M. Sleiman visitant les archives nationales de Rio de Janeiro, hier. Photo Dalati et Nohra
Pour sa part, le conseiller du président aux affaires économiques, Chadi Karam, a relevé que les négociations qui ont eu lieu entre le chef de l'État et les hommes d'affaires d'origine libanaise préluderont sans aucun doute à une nouvelle phase de coopération entre les deux pays, car le Brésil ,« qui est à la porte de l'Amérique latine », a-t-il dit, comporte un marché en pleine expansion. « Le Liban peut à son tour devenir la porte du Brésil au Proche-Orient en attirant suffisamment de capitaux et d'investissements effectués par les membres de la diaspora libanaise qui peuvent constituer un pilier important de la croissance économique au pays du Cèdre », a-t-il ajouté.
Notons au passage que le chef de l'État a été accompagné lors de son voyage entre Brasilia et São Paolo par des hommes d'affaires libanais et par l'évêque maronite de São Paolo qui l'ont suivi jusqu'à Rio de Janeiro.
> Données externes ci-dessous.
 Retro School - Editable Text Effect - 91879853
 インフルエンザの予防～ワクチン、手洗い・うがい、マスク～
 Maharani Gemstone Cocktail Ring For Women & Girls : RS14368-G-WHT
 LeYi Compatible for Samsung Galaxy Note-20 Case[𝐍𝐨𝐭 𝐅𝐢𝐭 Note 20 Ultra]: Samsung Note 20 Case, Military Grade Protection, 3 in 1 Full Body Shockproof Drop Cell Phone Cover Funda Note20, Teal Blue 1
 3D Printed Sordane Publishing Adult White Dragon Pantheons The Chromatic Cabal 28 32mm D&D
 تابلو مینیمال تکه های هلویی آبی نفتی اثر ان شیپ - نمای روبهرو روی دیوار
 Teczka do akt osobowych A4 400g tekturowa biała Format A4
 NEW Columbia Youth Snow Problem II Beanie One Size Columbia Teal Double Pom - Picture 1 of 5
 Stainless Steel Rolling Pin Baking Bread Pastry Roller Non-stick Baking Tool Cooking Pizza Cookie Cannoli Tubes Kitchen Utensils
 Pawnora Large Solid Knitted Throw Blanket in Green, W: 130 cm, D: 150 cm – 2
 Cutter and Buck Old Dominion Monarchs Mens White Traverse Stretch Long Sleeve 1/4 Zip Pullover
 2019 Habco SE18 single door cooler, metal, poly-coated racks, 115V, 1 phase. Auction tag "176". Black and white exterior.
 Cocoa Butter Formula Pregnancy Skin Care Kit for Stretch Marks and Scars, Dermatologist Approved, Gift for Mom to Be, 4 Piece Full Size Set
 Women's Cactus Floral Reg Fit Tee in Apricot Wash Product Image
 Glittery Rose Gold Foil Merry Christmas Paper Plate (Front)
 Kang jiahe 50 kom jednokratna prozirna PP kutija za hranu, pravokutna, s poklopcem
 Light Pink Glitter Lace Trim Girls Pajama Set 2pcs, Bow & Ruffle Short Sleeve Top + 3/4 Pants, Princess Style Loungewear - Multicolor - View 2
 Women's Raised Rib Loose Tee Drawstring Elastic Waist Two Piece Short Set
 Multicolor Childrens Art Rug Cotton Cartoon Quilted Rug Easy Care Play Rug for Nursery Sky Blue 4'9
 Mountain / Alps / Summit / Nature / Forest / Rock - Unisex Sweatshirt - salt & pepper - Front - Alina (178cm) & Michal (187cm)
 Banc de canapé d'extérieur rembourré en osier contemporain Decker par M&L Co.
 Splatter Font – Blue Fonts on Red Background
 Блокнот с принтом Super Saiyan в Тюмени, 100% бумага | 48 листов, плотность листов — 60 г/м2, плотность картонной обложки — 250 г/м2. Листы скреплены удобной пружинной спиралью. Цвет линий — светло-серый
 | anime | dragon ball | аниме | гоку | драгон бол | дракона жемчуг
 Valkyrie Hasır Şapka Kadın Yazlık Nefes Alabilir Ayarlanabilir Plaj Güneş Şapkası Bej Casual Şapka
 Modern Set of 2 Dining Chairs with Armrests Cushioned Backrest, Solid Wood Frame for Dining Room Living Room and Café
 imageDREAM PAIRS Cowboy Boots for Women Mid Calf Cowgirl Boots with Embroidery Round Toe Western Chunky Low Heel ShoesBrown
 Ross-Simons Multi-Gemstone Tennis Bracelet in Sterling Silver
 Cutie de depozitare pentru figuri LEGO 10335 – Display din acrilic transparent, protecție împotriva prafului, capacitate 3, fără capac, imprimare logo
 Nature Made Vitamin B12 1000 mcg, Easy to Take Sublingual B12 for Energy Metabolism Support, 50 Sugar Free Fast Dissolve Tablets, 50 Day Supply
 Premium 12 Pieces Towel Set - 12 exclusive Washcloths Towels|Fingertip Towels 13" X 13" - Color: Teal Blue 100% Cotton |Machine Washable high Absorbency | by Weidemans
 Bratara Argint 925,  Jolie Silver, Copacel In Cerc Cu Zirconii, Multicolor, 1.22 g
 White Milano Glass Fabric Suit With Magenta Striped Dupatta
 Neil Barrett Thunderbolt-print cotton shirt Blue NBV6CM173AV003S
Le président Sleiman a d'ailleurs profité de l'occasion pour les inviter à venir visiter le Liban, insistant auprès d'eux pour qu'ils se déclarent ainsi que leurs enfants en tant que libanais afin qu'ils soient prêts le moment où la loi sur la récupération de la nationalité libanaise sera finalisée.
Aux membres de la communauté libanaise de Rio de Janeiro qu'il a rencontrés, M. Sleiman a rappelé que le Liban, qui a été élu ainsi que le Brésil comme membre non permanent au sein du Conseil de sécurité, œuvrera à défendre ses causes de manière à récupérer son rôle d'avant-garde au Proche-Orient. Après avoir passé en revue la situation politique, sécuritaire et économique du Liban, le chef de l'État a appelé les émigrés libanais à retourner dans leur pays d'origine pour contribuer à sa croissance, tout comme l'avaient fait leurs ancêtres en venant au Brésil.
« Je sais que vous avez des requêtes et je me suis engagé dans mon discours d'investiture ainsi que dans la déclaration ministérielle à accorder en 2013 le droit de vote aux émigrés là où ils se trouvent ainsi que le droit de récupérer leur nationalité », a-t-il rappelé. Et d'insister sur la nécessité pour tous les émigrés et leurs enfants de se déclarer en tant que libanais car, a-t-il dit, « vous avez plus droit que d'autres à la nationalité ».
M. Sleiman a par ailleurs conseillé aux membres de la diaspora de ne pas permettre aux associations et organisations qui les représentent « de se diviser entre elles ou de rester divisées » car, a-t-il dit, « je suis déterminé à les unir et n'ouvrirai les portes de Baabda qu'aux organisations unifiées, notamment à l'ULCM (l'Union libanaise culturelle mondiale), dont on nous a annoncé l'unification en septembre ou novembre prochain ».
Et d'insister : « Ne laissez le confessionnalisme avoir aucune emprise sur vous, car l'ennemi voudrait bien prouver que les nations ne peuvent être édifiées grâce au pluralisme, mais nous voulons démontrer le contraire justement. » « Au moment où Israël est en train de transformer les lieux saints palestiniens, chrétiens et musulmans, en sites historiques, le Liban a déclaré le 25 avril Journée de l'Annonciation pour les chrétiens et les musulmans, une occasion qui a été célébrée aujourd'hui même (dimanche) à l'église de São Paolo en présence de représentants religieux des deux communautés », a-t-il indiqué.